Built on the SWORD2 python client library: https://github.com/swordapp/python-client-sword2

-----------------------------------------------
Installation:

- no installation required, simply copy the script sworduploader.py to a suitable location. The first time you run the script, it will create the sword2_logging.conf file.
- a server.cfg file is also available.

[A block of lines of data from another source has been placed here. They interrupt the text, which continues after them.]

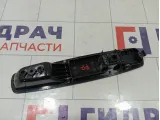 Кнопка стеклоподъемника переднего правого Renault Megane 809600750R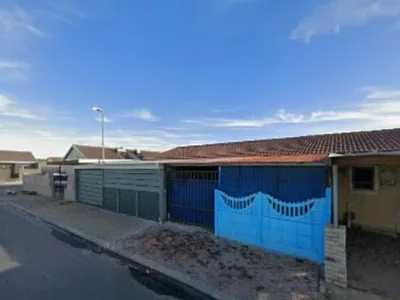 2 Bedroom House For Sale in Cape Town - uAJo.webp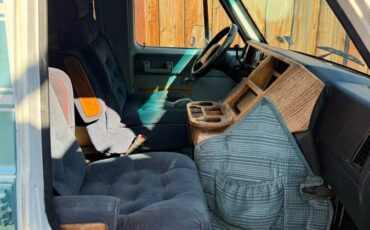 Chevrolet-g-20-1990-custom-5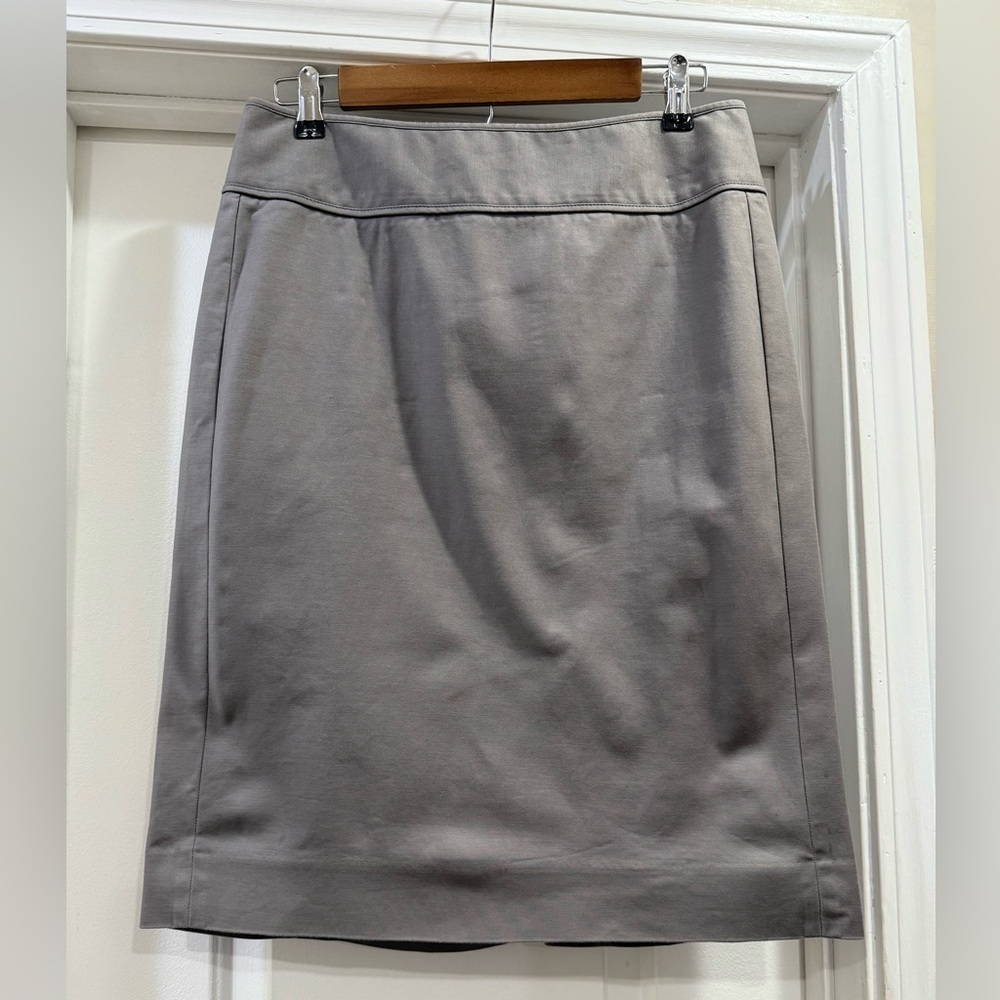 GAP Classic Gray Stretch Pencil Skirt Size 8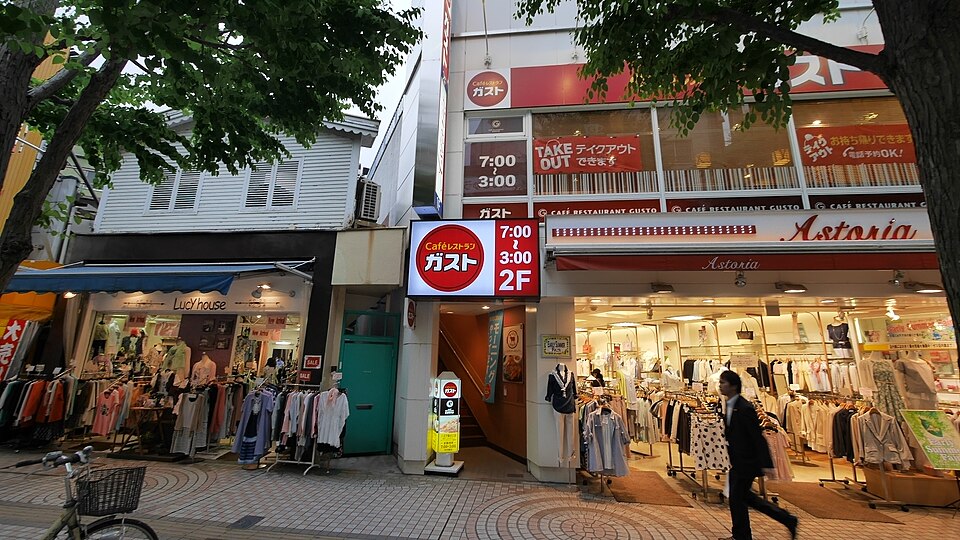 ガスト八王子駅北口店の外観。店舗の視認性（視界性評価）を確保し、集客力を高めるための路面店立地戦略の参考事例。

If the --servicedoc option is not used, sworduploader will read the first line of server.cfg and use it as the server's URL. If the server.cfg is missing, it will default to C4DM's server.

-----------------------------------------------
Usage:

sworduploader[-h] [--username USER_NAME] [--title TITLE]
                        [--author AUTHOR [AUTHOR ...]] [--date DATE]
                        [--servicedoc DSPACEURL]
                        data

Bulk upload to DSpace using SWORDv2.

positional arguments:
  data                  Accepts: METSDSpaceSIP and BagIt packages, simple zip
                        files, directories, single files. NOTE: METSDSpaceSIP
                        packages are only accepted by Collections with a
                        workflow!

optional arguments:
  -h, --help            show this help message and exit
  --username USER_NAME  DSpace username.
  --title TITLE         Title (ignored for METS packages).
  --author AUTHOR [AUTHOR ...]
                        Author(s) (ignored for METS packages). Accepts
                        multiple entries in the format "Surname, Name" 
  --date DATE           Date of creation (string) (ignored for METS packages).
  --zip                 If "data" is a directory, compress it and post it as a
                        single file. The zip file will be saved along with the
                        individual files.
  --servicedoc SD          Url of the SWORDv2 service document (default: use
                        server.cfg if available, otherwise http://c4dm.eecs.qm
                        ul.ac.uk/rdr/swordv2/servicedocument

If the submission is created successfully, it will remain open to be completed with the necessary metadata and licenses, using the DSpace web interface. The submission can be found in the "My Account -> Submissions" section of the user's area.

Updates

Version 0.6:
- Uploading a directory will maintain the path structure (i.e. subdirectories).
- A different server can be specified in the server.cfg file. This is overridden if the --servicedoc option is used. If the file is missing, sworduploader will default to C4DM's repository.

Possible problems

Version 0.4 is based on the modified python-sword2 library that can be found on bitbucket/marcofabiani.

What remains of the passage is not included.